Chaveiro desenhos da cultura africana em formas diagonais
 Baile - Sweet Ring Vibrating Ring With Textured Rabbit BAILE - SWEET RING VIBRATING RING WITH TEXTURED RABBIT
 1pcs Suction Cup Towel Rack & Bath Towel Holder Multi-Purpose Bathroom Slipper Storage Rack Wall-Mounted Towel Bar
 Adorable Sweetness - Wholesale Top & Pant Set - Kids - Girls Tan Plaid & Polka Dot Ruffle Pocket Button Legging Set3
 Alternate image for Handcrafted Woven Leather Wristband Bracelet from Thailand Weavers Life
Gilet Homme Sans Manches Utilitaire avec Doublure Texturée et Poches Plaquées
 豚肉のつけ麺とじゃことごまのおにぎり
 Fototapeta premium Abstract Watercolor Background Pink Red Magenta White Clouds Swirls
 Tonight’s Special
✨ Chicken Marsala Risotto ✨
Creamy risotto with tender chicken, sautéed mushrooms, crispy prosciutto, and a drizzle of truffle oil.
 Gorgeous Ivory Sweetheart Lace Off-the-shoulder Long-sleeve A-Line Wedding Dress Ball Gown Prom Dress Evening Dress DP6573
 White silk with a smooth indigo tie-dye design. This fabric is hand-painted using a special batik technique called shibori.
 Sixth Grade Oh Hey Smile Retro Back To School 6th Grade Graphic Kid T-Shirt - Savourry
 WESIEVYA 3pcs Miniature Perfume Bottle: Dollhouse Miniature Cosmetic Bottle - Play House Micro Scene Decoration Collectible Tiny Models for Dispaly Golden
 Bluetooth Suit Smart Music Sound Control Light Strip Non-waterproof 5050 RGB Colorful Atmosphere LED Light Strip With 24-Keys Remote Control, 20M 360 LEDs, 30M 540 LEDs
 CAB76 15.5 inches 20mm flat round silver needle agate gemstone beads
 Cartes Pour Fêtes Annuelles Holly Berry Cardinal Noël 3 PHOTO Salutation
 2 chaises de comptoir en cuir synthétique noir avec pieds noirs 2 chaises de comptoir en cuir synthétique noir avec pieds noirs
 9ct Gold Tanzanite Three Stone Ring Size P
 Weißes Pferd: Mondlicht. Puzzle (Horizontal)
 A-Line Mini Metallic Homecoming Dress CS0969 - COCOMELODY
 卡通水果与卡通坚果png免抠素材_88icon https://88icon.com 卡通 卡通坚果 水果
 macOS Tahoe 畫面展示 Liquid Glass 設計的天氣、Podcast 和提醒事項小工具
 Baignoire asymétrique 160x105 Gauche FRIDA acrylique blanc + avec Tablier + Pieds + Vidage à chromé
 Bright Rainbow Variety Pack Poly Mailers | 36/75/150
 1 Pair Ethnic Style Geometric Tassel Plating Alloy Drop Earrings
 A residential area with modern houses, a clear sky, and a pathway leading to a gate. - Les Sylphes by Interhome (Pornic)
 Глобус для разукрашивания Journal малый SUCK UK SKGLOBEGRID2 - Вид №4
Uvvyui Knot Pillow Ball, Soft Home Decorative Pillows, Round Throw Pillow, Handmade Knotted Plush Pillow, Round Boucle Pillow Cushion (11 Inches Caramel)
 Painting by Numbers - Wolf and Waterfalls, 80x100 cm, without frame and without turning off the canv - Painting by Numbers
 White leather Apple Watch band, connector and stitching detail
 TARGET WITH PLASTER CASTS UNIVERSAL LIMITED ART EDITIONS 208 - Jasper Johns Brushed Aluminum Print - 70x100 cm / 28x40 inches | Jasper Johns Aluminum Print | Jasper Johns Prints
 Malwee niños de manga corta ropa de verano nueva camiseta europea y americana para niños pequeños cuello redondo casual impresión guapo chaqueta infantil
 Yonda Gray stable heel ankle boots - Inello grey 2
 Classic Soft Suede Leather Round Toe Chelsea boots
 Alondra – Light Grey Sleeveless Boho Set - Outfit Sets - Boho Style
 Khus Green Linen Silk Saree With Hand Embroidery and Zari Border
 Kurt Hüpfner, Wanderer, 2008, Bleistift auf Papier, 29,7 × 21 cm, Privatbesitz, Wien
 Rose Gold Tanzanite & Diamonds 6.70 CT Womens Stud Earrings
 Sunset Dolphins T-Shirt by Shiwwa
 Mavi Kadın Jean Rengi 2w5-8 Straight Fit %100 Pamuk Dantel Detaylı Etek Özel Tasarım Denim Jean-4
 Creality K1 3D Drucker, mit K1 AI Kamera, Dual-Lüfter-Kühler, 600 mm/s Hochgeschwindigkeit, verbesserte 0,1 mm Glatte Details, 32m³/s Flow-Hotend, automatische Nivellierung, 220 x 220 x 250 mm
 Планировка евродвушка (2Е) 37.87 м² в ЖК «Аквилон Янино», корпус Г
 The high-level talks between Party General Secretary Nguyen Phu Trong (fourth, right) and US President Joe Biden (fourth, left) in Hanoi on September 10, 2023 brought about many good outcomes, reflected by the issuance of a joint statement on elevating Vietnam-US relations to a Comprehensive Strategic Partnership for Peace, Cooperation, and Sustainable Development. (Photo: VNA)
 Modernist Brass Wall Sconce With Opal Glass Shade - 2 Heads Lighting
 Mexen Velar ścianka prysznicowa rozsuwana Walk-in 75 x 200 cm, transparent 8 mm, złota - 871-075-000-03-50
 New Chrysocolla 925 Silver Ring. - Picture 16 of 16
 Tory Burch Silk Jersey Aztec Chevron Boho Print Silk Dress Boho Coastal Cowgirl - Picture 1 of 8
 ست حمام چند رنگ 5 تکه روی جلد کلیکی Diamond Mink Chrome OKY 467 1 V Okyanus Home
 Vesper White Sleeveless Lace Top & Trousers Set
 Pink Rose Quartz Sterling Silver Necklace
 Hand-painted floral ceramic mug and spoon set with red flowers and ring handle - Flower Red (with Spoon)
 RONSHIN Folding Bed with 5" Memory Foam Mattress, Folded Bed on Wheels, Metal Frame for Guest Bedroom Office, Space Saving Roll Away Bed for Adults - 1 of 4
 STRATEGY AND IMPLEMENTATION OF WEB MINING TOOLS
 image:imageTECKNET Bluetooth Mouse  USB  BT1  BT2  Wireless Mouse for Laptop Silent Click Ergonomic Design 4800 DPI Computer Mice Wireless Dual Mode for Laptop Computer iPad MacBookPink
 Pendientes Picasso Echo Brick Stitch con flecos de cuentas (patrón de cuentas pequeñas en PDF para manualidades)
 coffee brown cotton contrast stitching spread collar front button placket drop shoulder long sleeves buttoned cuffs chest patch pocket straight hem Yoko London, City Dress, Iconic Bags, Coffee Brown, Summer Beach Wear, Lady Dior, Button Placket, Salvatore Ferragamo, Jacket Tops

§ Problem details
Would you output, from the records above, exactly the run of lines that starts at the line containing "豚肉のつけ麺とじゃことごまのおにぎり" and ends at the line containing "Gorgeous Ivory Sweetheart", and only that run?

§ Exercise response
 豚肉のつけ麺とじゃことごまのおにぎり
 Fototapeta premium Abstract Watercolor Background Pink Red Magenta White Clouds Swirls
 Tonight’s Special
✨ Chicken Marsala Risotto ✨
Creamy risotto with tender chicken, sautéed mushrooms, crispy prosciutto, and a drizzle of truffle oil.
 Gorgeous Ivory Sweetheart Lace Off-the-shoulder Long-sleeve A-Line Wedding Dress Ball Gown Prom Dress Evening Dress DP6573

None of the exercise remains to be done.